巨大な白うさぎ“ハーヴェイ”といつも一緒にいる、と主張するアル中の男が主人公のこの映画では、主人公のダウド氏以外の人間には“ハーヴェイ”が見えない。そして周囲の人間は、酒を飲み過ぎたせいで「ダウド氏は頭がおかしくなっている」と思っている。
(C) 1989 Universal City Studios, Inc. All Rights Reserved.
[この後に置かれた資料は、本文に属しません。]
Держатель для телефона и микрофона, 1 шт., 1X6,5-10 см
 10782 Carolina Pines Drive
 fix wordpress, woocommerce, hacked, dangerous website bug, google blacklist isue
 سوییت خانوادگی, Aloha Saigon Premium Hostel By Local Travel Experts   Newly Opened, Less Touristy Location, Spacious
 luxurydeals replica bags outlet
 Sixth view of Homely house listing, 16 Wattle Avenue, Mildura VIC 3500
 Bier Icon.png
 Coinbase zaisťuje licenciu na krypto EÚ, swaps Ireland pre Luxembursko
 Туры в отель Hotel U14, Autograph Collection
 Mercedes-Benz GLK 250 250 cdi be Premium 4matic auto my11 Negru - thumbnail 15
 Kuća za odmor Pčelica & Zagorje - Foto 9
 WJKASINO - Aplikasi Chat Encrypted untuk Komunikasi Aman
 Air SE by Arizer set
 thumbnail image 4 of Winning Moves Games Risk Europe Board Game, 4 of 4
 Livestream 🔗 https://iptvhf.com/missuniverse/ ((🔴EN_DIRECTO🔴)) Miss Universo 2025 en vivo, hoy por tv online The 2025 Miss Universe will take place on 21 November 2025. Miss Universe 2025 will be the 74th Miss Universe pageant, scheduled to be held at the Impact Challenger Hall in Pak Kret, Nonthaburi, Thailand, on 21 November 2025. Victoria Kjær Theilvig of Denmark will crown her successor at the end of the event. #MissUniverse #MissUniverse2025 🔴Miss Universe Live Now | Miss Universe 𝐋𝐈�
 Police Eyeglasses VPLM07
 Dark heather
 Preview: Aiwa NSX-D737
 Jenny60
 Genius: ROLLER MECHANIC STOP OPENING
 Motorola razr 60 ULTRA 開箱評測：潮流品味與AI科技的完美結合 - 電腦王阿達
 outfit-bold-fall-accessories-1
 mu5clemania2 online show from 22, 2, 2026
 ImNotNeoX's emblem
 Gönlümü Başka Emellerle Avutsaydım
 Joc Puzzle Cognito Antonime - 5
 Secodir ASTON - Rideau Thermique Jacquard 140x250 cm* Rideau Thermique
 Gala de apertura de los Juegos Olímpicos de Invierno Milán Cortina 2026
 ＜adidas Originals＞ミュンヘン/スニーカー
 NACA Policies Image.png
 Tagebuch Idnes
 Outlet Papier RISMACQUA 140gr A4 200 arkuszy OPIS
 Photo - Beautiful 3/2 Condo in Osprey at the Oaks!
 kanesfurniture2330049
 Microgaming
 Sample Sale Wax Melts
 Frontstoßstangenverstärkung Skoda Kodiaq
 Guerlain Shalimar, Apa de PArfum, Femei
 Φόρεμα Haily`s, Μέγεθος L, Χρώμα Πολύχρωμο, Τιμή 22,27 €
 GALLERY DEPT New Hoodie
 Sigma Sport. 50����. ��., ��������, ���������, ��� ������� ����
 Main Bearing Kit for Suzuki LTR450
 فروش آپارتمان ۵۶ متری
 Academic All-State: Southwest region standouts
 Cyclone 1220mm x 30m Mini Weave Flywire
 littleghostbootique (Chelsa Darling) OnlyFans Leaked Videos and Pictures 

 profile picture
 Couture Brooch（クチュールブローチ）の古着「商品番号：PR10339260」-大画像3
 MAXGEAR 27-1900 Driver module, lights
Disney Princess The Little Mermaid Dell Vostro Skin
映画『フィールド・オブ・ドリームス』(89)の主人公レイ・キンセラは、トウモロコシ畑から聞こえてくる「それを作れば、彼はやってくる」という “声”に従って、農場の真ん中に野球場を作りはじめる。突然の行動に、周囲からは「気でも狂ったのか?」と思われているのだが、レイが地元の同業者たちに“声”について話しかける場面では、ご丁寧にビバリー・ダンジェロが歌う「クレイジー」という曲が店内で流れている。やがて、レイの作った野球場に、かつての名選手“シューレス”ジョー・ジャクソンのゴーストが現れることになる。
信じる人にしか見えない。つまり『ハーヴェイ』の引用は、野球に興じる選手たちの姿や作品テーマへの伏線になっていることがわかる。レイの娘カリンは『ハーヴェイ』の物語を信じながら観ていたわけだが、野球選手のゴーストを発見するのが彼女であるという設定の所以は、そんなところにもある。